Actualité: Le week-end dernier, l’archevêque Tadeusz Kondrusiewicz, administrateur apostolique de la Russie européenne septentrionale à Moscou, a célébré une série de messes en la cathédrale St-Nicolas de Fribourg à l’invitation de l’œuvre d’entraide cath
APIC Interview
Russie: L’Eglise catholique renaît de ses cendres au milieu d’un grand dénuement
Après le temps du martyre, le temps de la récolte
Jacques Berset, agence APIC
Moscou/Fribourg, 20 novembre 2001 (APIC) Après sept décennies de persécution, la petite Eglise catholique de Russie renaît de ses cendres au milieu d’un grand dénuement. Sans l’aide matérielle de diverses conférences épiscopales européennes et américaines et d’œuvres d’entraide comme Renovabis et l’Aide à l’Eglise en Détresse, affirme Mgr Tadeusz Kondrusiewicz, l’Eglise russe ne pourrait reconstruire ses structures démantelées par la répression stalinienne.
L’archevêque Kondrusiewicz, administrateur apostolique de la Russie européenne septentrionale à Moscou, est cependant confiant: sa petite communauté se développe. Elle est de mieux en mieux acceptée par la société russe. S’il y a de multiples développements positifs à la base, l’Eglise catholique n’est pas vraiment reconnue comme partenaire par le Patriarcat de Moscou. La hiérarchie orthodoxe n’a pas abandonné ses préjugés anti-catholiques, bien que la récente visite de Jean Paul II en Ukraine ait fait diminuer la tension.

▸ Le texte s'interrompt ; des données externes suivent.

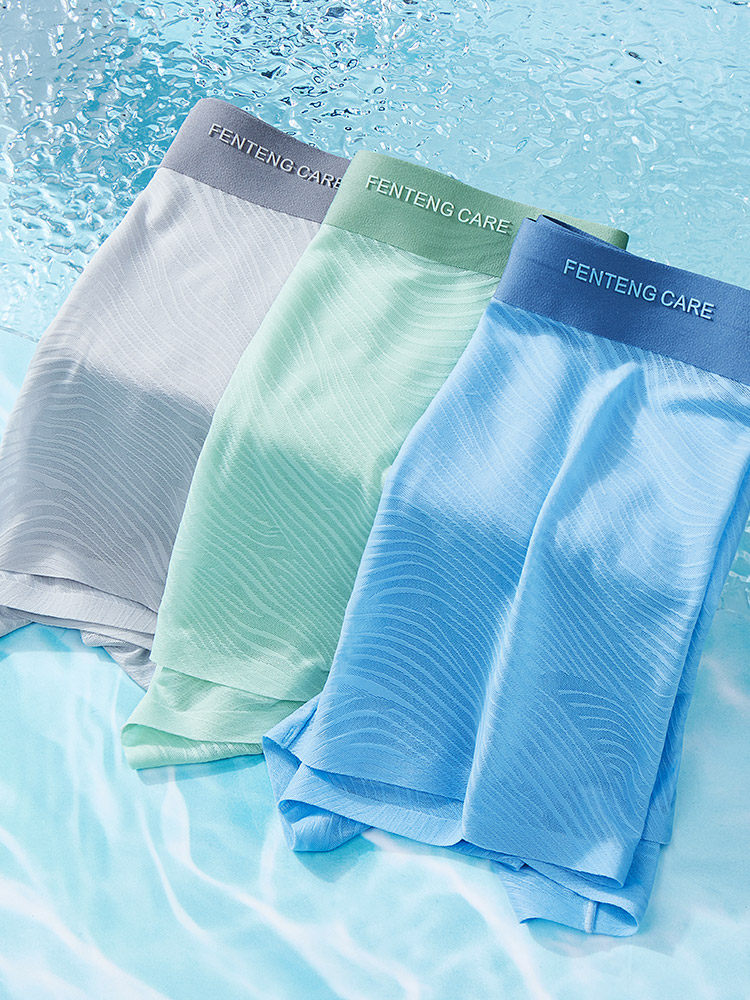 Three pairs of men’s boxer briefs in gray, mint, and blue laid flat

En mai dernier, l’Eglise catholique a célébré le 10ème anniversaire de la restauration de ses structures ecclésiales anéanties par les bolcheviks après la Révolution d’Octobre. Alors qu’il dirigeait le diocèse de Minsk, en Biélorussie depuis la fin 1989, Mgr Tadeusz Kondrusiewicz fut nommé administrateur apostolique de la Russie européenne le 13 avril 1991. Il s’installa le 28 mai 1991 à Moscou, qui était encore à l’époque la capitale de l’URSS.
APIC: Comment se développe l’Eglise catholique en Russie une décennie après la chute du communisme ?
Mgr Kondrusiewicz: L’Eglise catholique dans la Fédération de Russie se développe à son rythme: au «boom» des premières années de liberté, après la dislocation de l’Union soviétique en décembre 1991, a succédé une période d’enracinement de la foi. Lors du rétablissement de la hiérarchie catholique dans l’ex-URSS il y a dix ans, sur un territoire six fois plus grand que l’Europe de l’Ouest, il n’y avait que dix paroisses. Aujourd’hui, plus de 200 sont enregistrées. Depuis huit ans, nous disposons d’un séminaire et depuis les premières ordinations de prêtres russes, en 1999, nous avons une quinzaine de prêtres autochtones dans notre administration apostolique, sur 115 prêtres actifs.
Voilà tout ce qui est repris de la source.